BROODSTOCK: MY 2020/2021 MARKET REVIEW AND OUTLOOK
Ok, this is going to be a long one, but it will surely be worth your time! Last year, I published the Shrimp Insights Report Series “L. Vannamei Broodstock Report”, and it’s been downloaded more than 1,100 times so far. According to some of my readers, it’s the most comprehensive report on this segment of the industry out there. In this Shrimp Blog, I look at how the broodstock market developed during the COVID-19 pandemic in 2020, and what developments we can expect from broodstock suppliers in 2021 and beyond.

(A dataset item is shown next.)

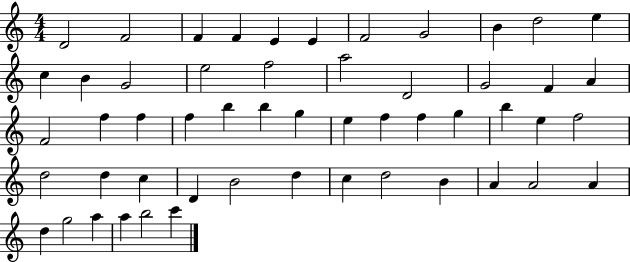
D4/h F4/h F4/q F4/q E4/q E4/q F4/h G4/h B4/q D5/h E5/q C5/q B4/q G4/h E5/h F5/h A5/h D4/h G4/h F4/q A4/q F4/h F5/q F5/q F5/q B5/q B5/q G5/q E5/q F5/q F5/q G5/q B5/q E5/q F5/h D5/h D5/q C5/q D4/q B4/h D5/q C5/q D5/h B4/q A4/q A4/h A4/q D5/q G5/h A5/q A5/q B5/h C6/q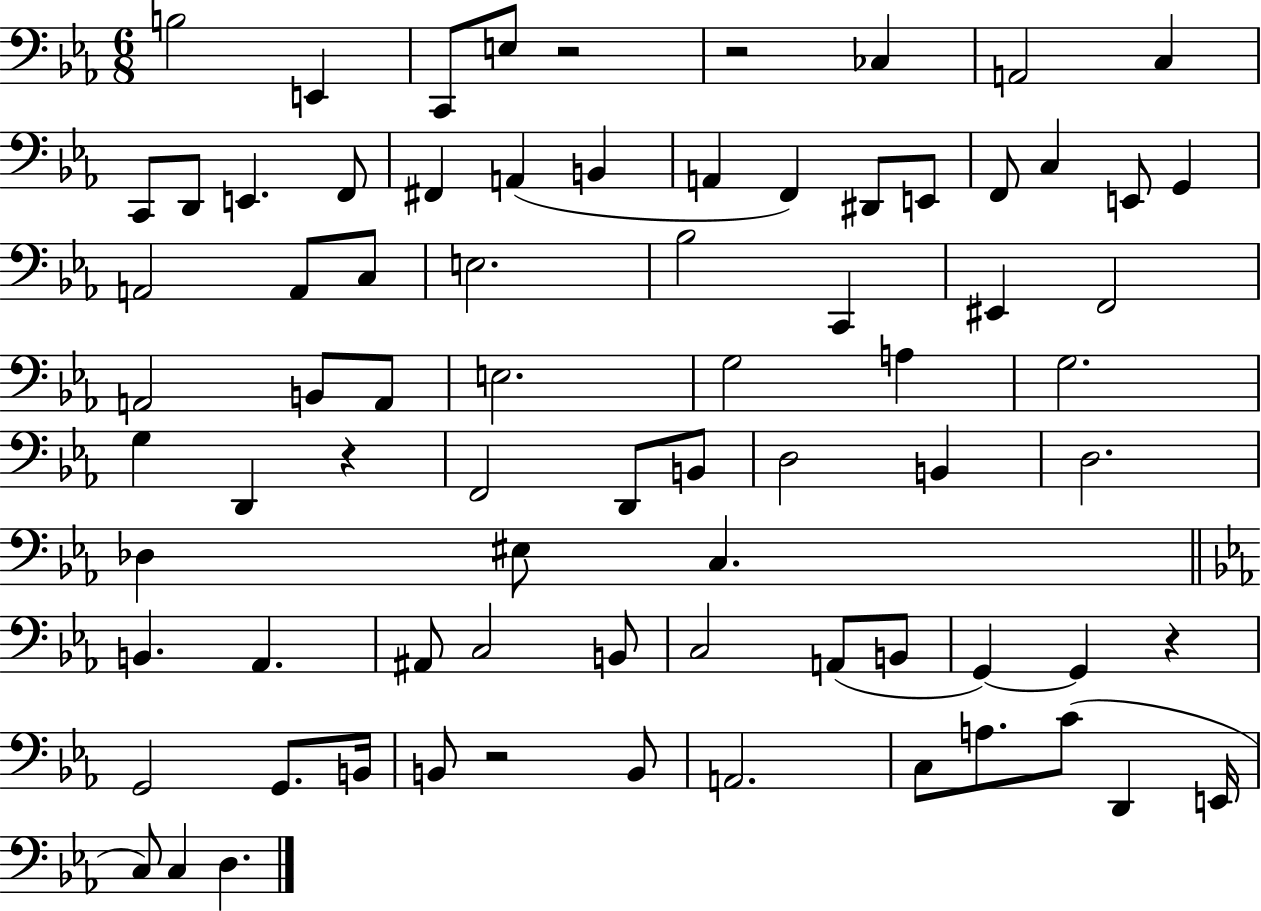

Thanks go to Robin (API), Robins (CPF), Ricardo (SyAqua), David (SIS), Neil (Kona Bay), and Oscar (Benchmark) for sharing your perspectives!
LOGISTICS CONTINUE TO CHALLENGE BROODSTOCK SUPPLIERS AND THEIR CUSTOMERS
Being almost entirely dependent on international air transport, broodstock companies and their customers have been heavily affected by logistical disruptions caused by COVID-19. When the first wave swept around the world, cargo space became scarcely available and many flight schedules were halted. For broodstock companies, it became a real challenge to get their broodstock delivered to their clients at the right time. Even if cargo space was available, it was often doubtful whether local logistical conditions would allow the broodstock to be delivered to the hatcheries.
Image 1: Benchmark broodstock packaged for shipment
Source: Benchmark Shrimp Genetics
While the companies in Florida located close to three international airports could mostly still find regular flights, companies in Hawaii faced more serious challenges. Neil Manchester of Hendrix Genetics, which owns Kona Bay, told me that Kona Bay was heavily impacted by the many flight disruptions from Hawaii. Kona Bay managed to overcome these challenges by chartering its own flights and gearing up for very large shipments in one batch. This solution allowed the company to resume sales to India as early as May 2020.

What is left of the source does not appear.